‘Offended by injustice:’ book published about Craig area
Former 14th Judicial District Attorney publishes 1st novel
After 40 years of trial work, and being on all three sides of the courtroom as a prosecutor, defense attorney and judge, Carroll Multz has learned a thing or two about the concept of justice.
But, one thing stands out to the 74-year-old Grand Junction resident.
“I can tell you that justice is not always attained,” he said.
However, Multz, who served as the 14th Judicial District Attorney from 1974 to 1981, has penned his first novel, which he hopes will send a different message.
“Justice is an attainable goal, but I guess what I’m saying is that seldom is it speedy, precise and complete,” he said.
Multz, who lived in Craig during his district attorney tenure, published “Justice Denied” on Nov. 30. The work is 325 pages and published through Tate Publishing. It is available in bookstores nation-wide.
The novel chronicles a bank official charged with embezzling money, a subsequent “frame-up” by a colleague, and the preemptive justice of the local police chief.
After being wrongly convicted, the main character’s family is torn apart by the ordeal. Shortly thereafter, the main character is sent to prison, where he is stabbed trying to breakup a fight, and dies from his injuries.
The rest of the book chronicles the deathbed confession of the perpetrator revealing the main character was framed and his son’s subsequent mission to clear his name.
The book is set in Steamboat Springs with parts of the subplot taking place in Hayden and Craig.
Multz writes in the book’s introduction that Northwest Colorado is the “most spectacular spot” he could have chosen for the book’s setting, and a place where his passion for trial work grew.
Since it was published nationally, Multz said the novel has had an “unbelievable” reception and been receiving great reviews.
“I’m getting letters and cards from all over,” he said.
Although “Justice Denied” is Multz’ first published novel, it is not the first time he has drawn from his experiences in the courtroom and translated them to paper.
Multz said he has written seven technical, non-fiction books and manuals on different aspects of law since 1969. He has also had 32 of his articles published in various legal and law
Multz, who is now retired and teaches various law courses at Mesa State College as an adjunct professor, said he has also completed four other unpublished novels and is currently ironing out the plot of his sixth book.
All of the novels have different plots relating to crime and the judicial system, but each illuminates a different aspect of the law.
Multz’ second novel, “It’s You Who I See,” is scheduled for publication in the summer of 2011.
His novel, he said, is the physical culmination of his life’s passions — law, writing and educating.
“This book really started out as an instructional device and then by inserting hypothetical and factual patterns to make the legal concepts understandable, my novel evolved,” he said. “So, I kiddingly refer to my novels as textbooks disguised as novels.”
He contends the books could have a strong, practical application, most likely in the law enforcement field.
“(These books) would be a great training device for criminal justice majors, great for law schools, be great for police academies — in other words, all the places that I’ve lectured,” he said.
Multz said he often borrows from his experiences in the courtroom and as the former district attorney, and embellishes them as food for thought in his fiction writing.
“It’s satire, it’s fiction, it’s parody,” he said. “But, there are enough points of view and references to make it real.”
The reality woven into each of his books is the continuing theme of seeking justice — often a bittersweet objective, he said.
“I am also sending a message that it is a goal for which we should all strive,” he said.
That same theme is also the reason he, like his father before him, went into the field of law.
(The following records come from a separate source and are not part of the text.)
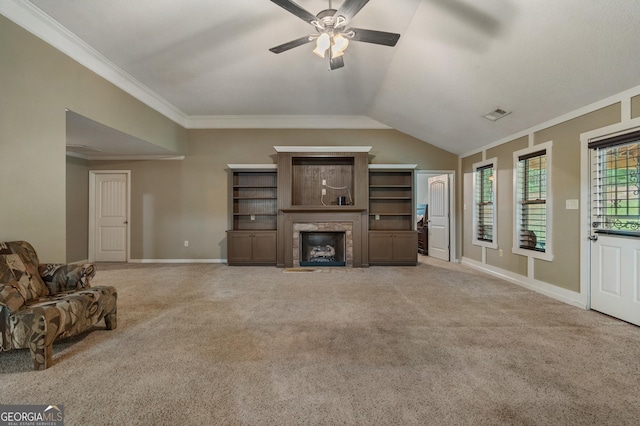 unfurnished living room with ceiling fan, ornamental molding, vaulted ceiling, and light carpet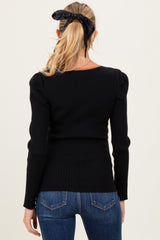 woman wearing a black ribbed maternity top with puff sleeves, seen from the back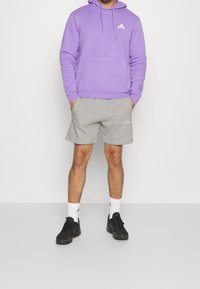 Lila hoodie med framficka och logotyp, kombinerad med grå shorts och svarta sneakers. Vita strumpor med logotypdetaljer.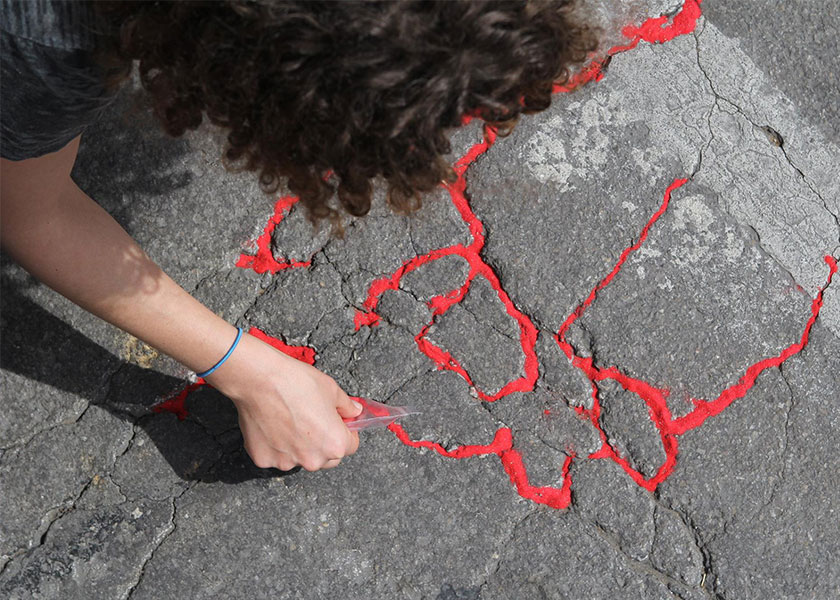 Person pouring red sand into sidewalk cracks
It’s also the reason behind his passions for writing and educating.
“From the time I can remember, I was offended by injustice,” Multz writes in the introduction to “Justice Denied.” “Watching a fellow grade school classmate being suspended for fighting during recess while the aggressor went unpunished was the type of thing that offended me.
“Even today, when I see the referee eject the player who threw the last punch in retaliation, I am appalled and offended. My heart has always leapt for the underdog, especially the one who has been falsely accused.”